Minor Mage is firmly in the “kid goes on scary quest and comes back stronger” genre. The 12-year-old protagonist is cast out to complete a nigh-impossible quest alone (aside from his armadillo familiar), facing ghouls and starvation and bandits and ghosts and murderers. He’s a wizard, yes, but he’s barely half-trained and only knows a handful of spells (though his herbal lore is pretty strong). Similar to the young heroes of A Wizard’s Guide to Defensive Baking and Illuminations, he has to learn how to make the most of his limited abilities in order to survive – only this story takes place not in a city but mostly in wilderness an abandoned farmlands.

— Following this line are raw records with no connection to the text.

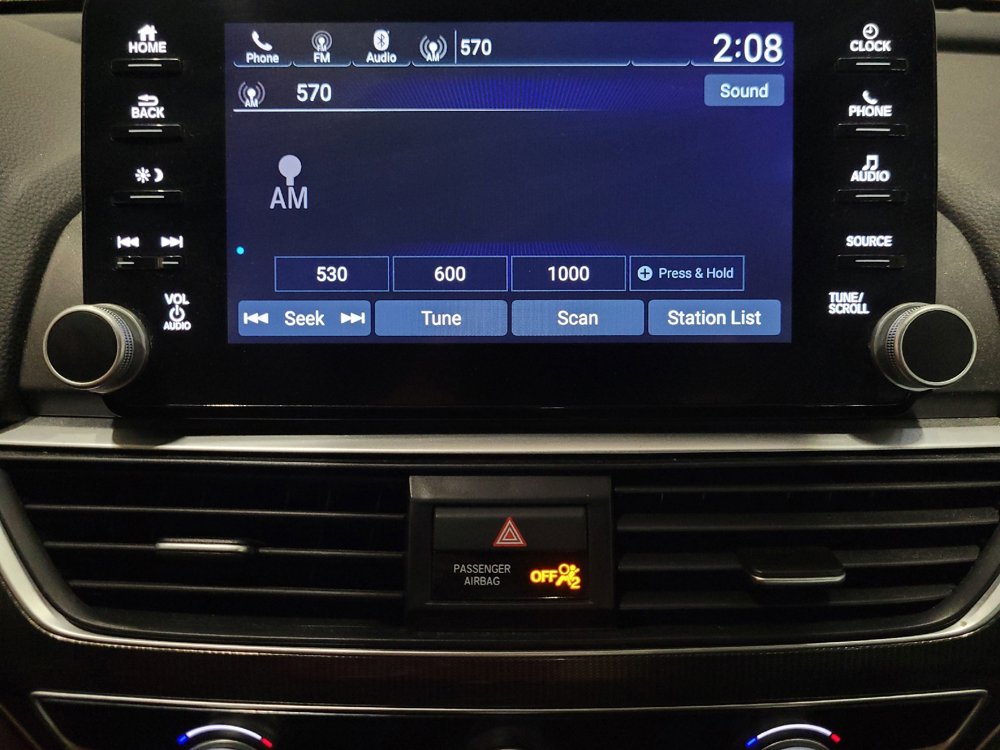 Used 2019 Honda Accord Sport image 25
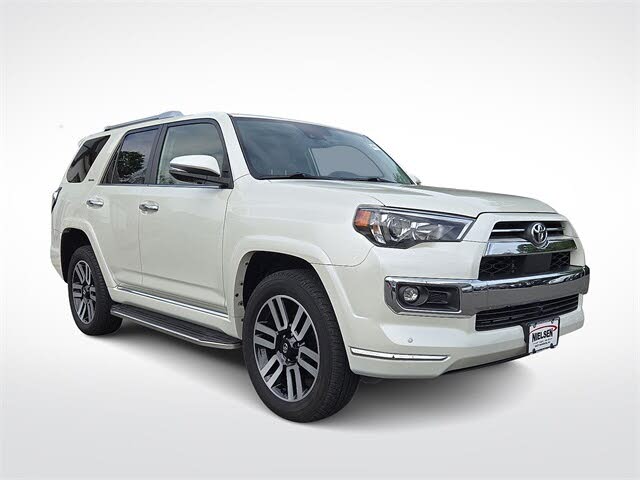 2022 Toyota 4Runner Limited 4WD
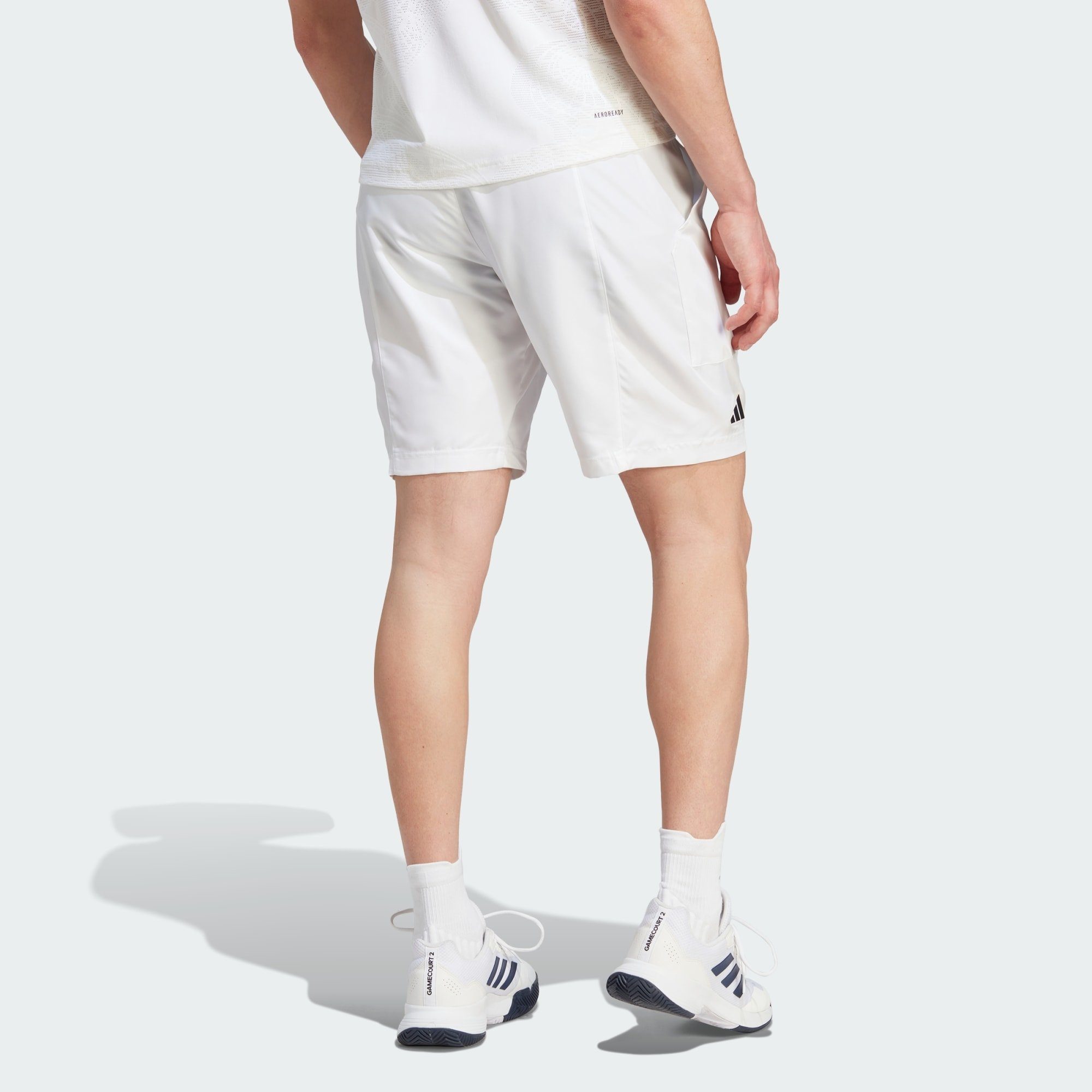 adidas Performance SHORTS TENNIS PRO Funktionsshorts AEROREADY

By turns melancholy and creepy, with a dash of humor and a sarcastic armadillo. From an adult perspective, Oliver’s constant lamenting that he’s “only a minor mage” starts to grate after a while. But that’s not the perspective it’s written for: it’s a kids’ book, and operates on kids’ fantasy logic.
Speaking of the target audience: In the afterward, Kingfisher/Vernon talks about trying to convince editors that yes, this is a children’s book, and getting constant pushback that it’s “too scary.” (This is how she ended up publishing it as Kingfisher rather than Vernon) It reminded me of similar comments Neil Gaiman wrote about Coraline, remarking that it was too scary for adults but not too scary for children.
Sometimes I wonder: Do these editors remember being 12?